(Beginning of PROVIDED ENTRIES)
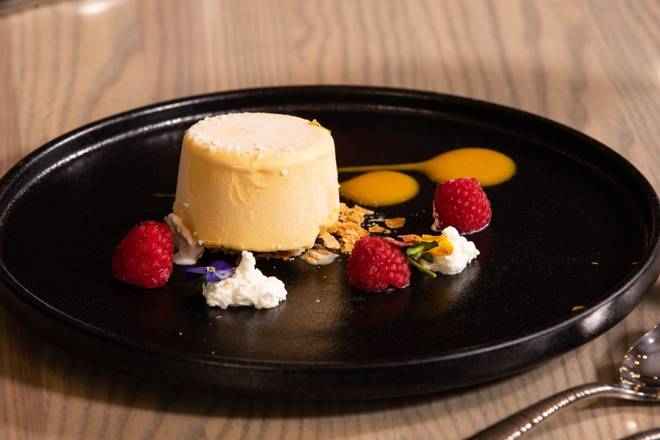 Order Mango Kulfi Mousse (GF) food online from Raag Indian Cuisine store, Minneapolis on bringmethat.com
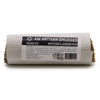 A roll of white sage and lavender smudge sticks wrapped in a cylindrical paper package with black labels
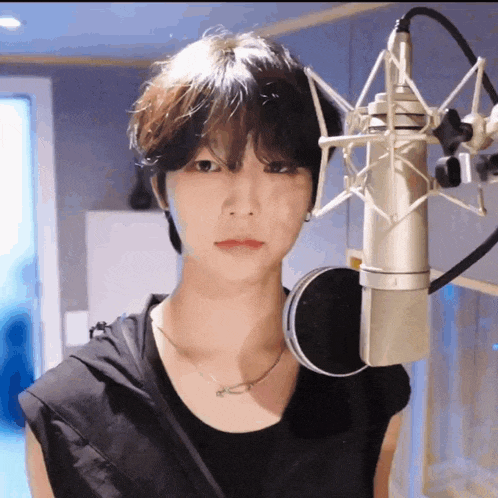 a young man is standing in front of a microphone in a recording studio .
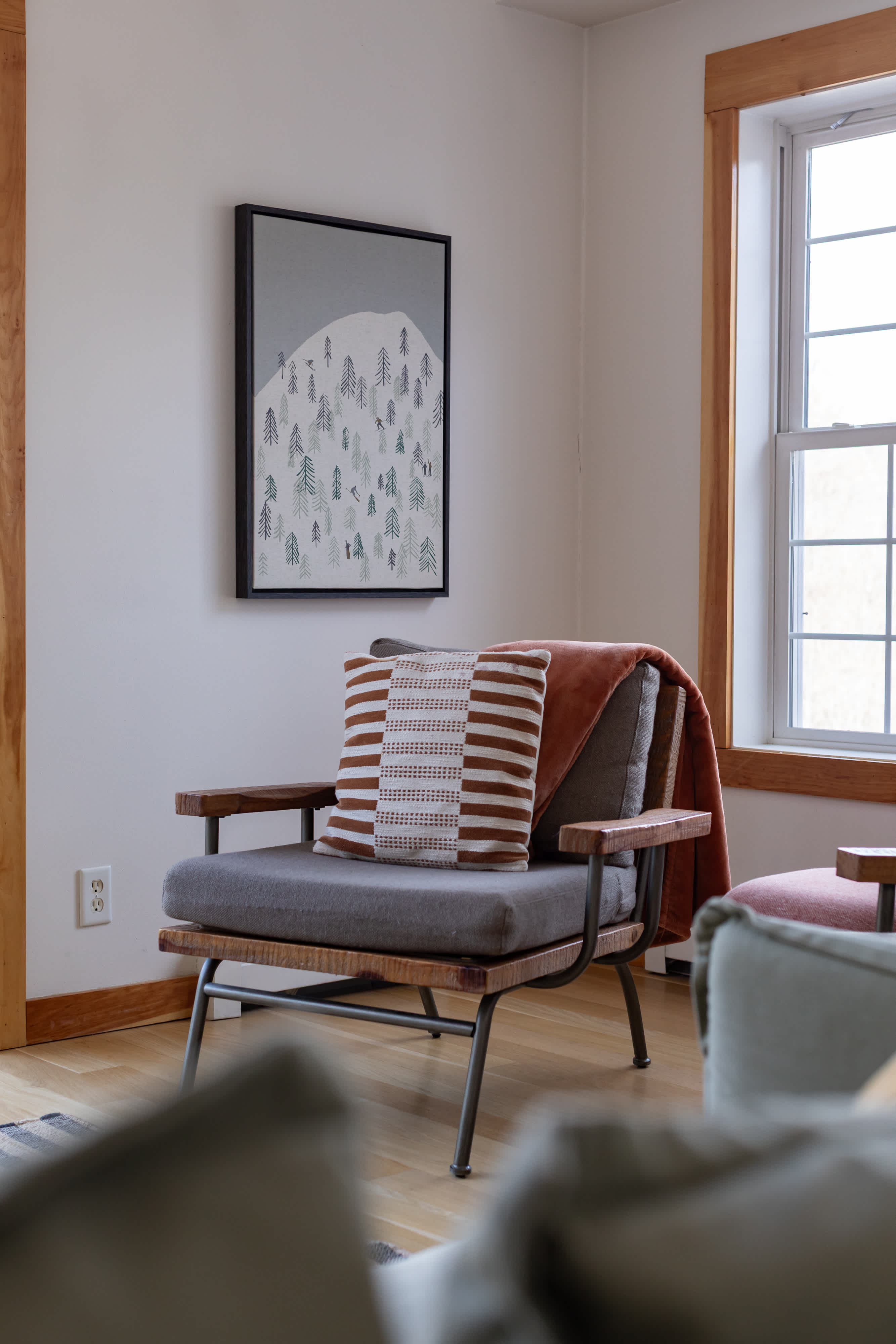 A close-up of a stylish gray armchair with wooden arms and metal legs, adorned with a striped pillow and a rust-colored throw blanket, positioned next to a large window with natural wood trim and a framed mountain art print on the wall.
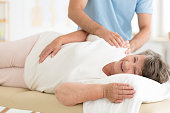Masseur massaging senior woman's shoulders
(End of PROVIDED ENTRIES)
THE PROBLEM: Once the line with "a young man" is found, output it and every line after it through the end of the listing, exactly, without pictures.

RESPONSE BELOW:
 a young man is standing in front of a microphone in a recording studio .
 A close-up of a stylish gray armchair with wooden arms and metal legs, adorned with a striped pillow and a rust-colored throw blanket, positioned next to a large window with natural wood trim and a framed mountain art print on the wall.
Masseur massaging senior woman's shoulders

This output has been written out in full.